# Email Notifications



## ChezScooby (Jul 15, 2011)

I do I disable the notifications so that everytime someone replies to a post I don't receive it in my email. Does that make sense?
Thanks


----------



## dcSaute (Jul 15, 2011)

>>make sense?

yes, no and for sure, maybe.

if you come to the Forum daily and read through all the messages, email notifications are a bit overmore.

if you make a post and don't come back for weeks, email notifications are handy.
presuming, of course, you want to know about it.

email notifications can be quite a pain when somebody comes in and posts something new to a five year old thread.

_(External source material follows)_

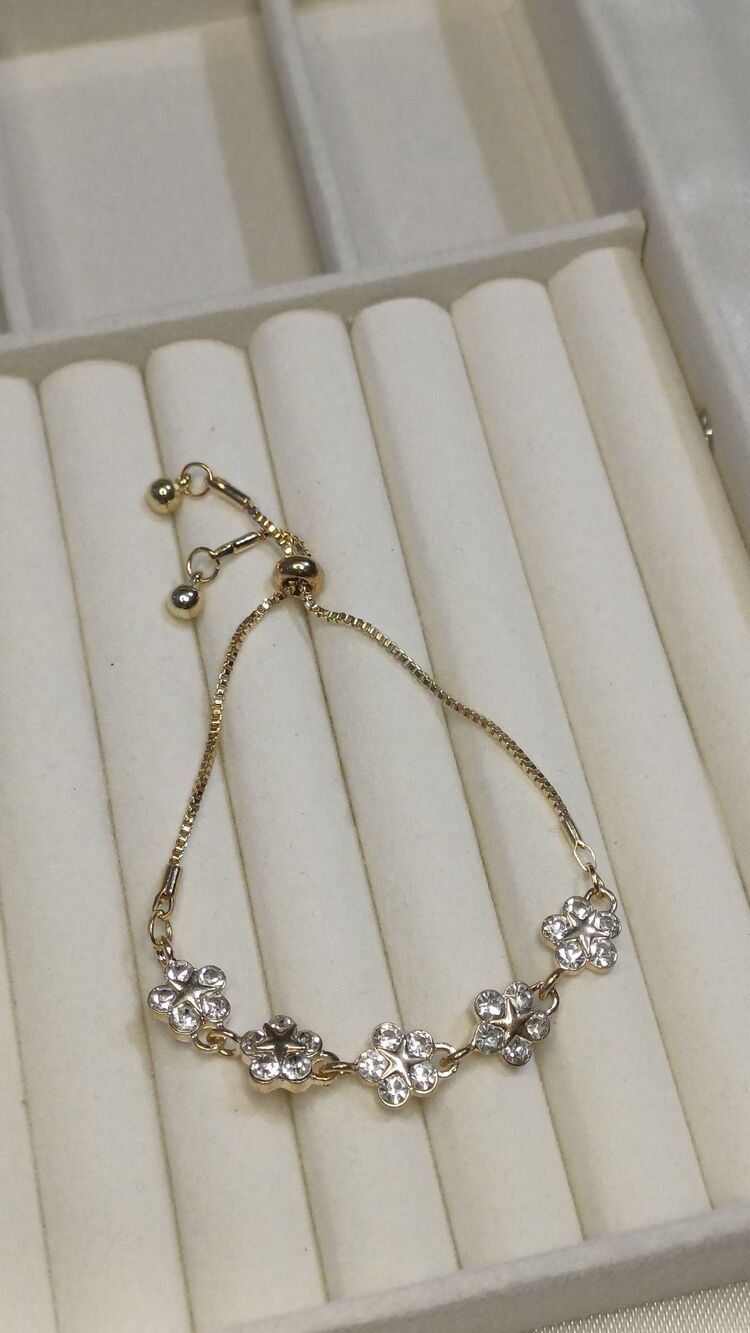 Çiçek taşlı gold bileklik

I'm here frequently; email is turned off.


----------



## ChezScooby (Jul 15, 2011)

Ok so how do I go about turning it off. I can't seem to find it.


----------



## Zhizara (Jul 15, 2011)

Click on User CP.  

From the left hand menus select Edit Options.  

Scroll down to second option,  Messaging & Notifications. 

Find:  Default Thread Subscription Mode.  

From pull down menu, select "No email notifications".

You will also need to check mark all of your subscribed threads and change to no email (select from drop down menu at bottom of page) also, or your previously subscribed threads will continue to send emails.

If you get stuck, send me a PM and I'll walk you through it.


----------